Pour le savoir, ou du moins y voir plus clair, il fallait remonter à la source, analyser les motifs d'admission et les diagnostics, reprendre un à un les dossiers médicaux et questionner la clinique. Pendant trois ans, j'ai interrogé les archives. L'Homme qui se prenait pour Napoléon est le résultat de cette enquête.

«L'influence de nos malheurs politiques a été si constante, écrivait le docteur Etienne Esquirol en 1816, que je pourrais donner l'histoire de notre révolution, depuis la prise de la Bastille jusqu'à la dernière apparition de Bonaparte, par celle de quelques aliénés dont la folie se rattache aux événements qui ont signalé cette longue période de notre histoire.» Ce beau projet d'une histoire de France déduite, ou décalquée, à partir des délires, soit d'une «autre scène» qui recomposerait à sa manière les étapes du récit national, Esquirol ne l'a jamais accompli. Était-il seulement réalisable ? Il n'est pas sans évoquer, en tout cas, l'oeuvre entreprise au siècle suivant par Charlotte Beradt qui, entre 1933 et 1939 à Berlin, collecta quelque trois cents récits de rêves d'hommes et de femmes, véritable «sismographe» des ravages du nazisme, dont l'action «malmenait les âmes» jusque dans le sommeil.
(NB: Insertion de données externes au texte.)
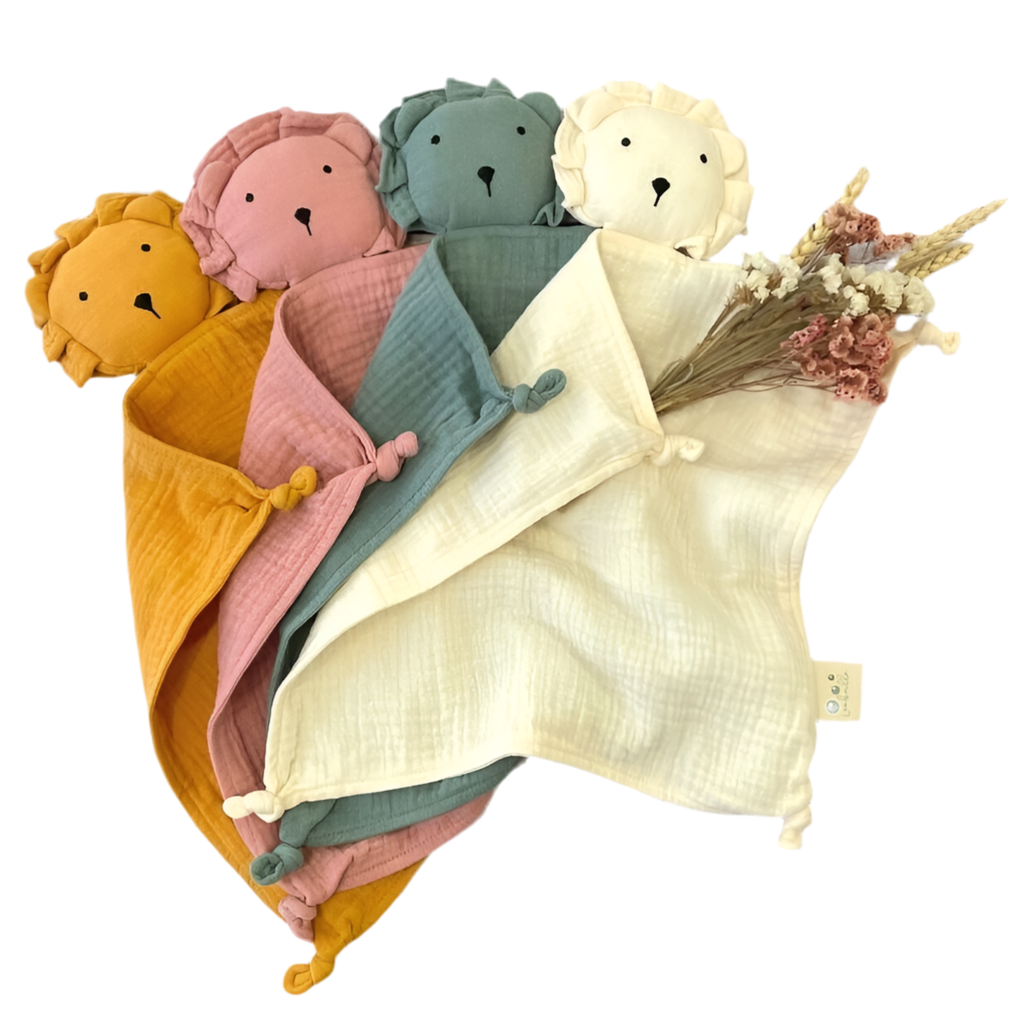 Baby Cotton Doudou Blanket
Conçu comme un acte de résistance, Rêver sous le IIIe Reich illustrait pour la première fois, et au sens le plus strict, ce que l'on appelle ordinairement, au figuré, les cauchemars de l'Histoire.


  • Le courrier des auteurs : 04/02/2012

1) Qui êtes-vous ? !
Laure Murat, historienne et professeure à UCLA.

2) Quel est le thème central de ce livre ?
Le thème central est une série de questions : comment délire-t-on l'Histoire ? Pourquoi tant de fous se sont-ils pris pour Napoléon ? Quel est l'impact des événements politiques sur les esprits ? Que partagent les révolutions avec les délires collectifs ? Peut-on écrire l'histoire de France à travers les registres des asiles ?

3) Si vous deviez mettre en avant une phrase de ce livre, laquelle choisiriez-vous ?
«L'archive, supposée en être l'antithèse, a tout à voir avec le roman»

4) Si ce livre était une musique, quelle serait-elle ?
L'air de la folie, dans Platée de Rameau - chanté par Mireille Delunsch

5) Qu'aimeriez-vous partager avec vos lecteurs en priorité ?
Tout ce que la folie a à nous dire sur l'histoire et sur notre vie, le goût de l'archive et des questions qu'elle suscite.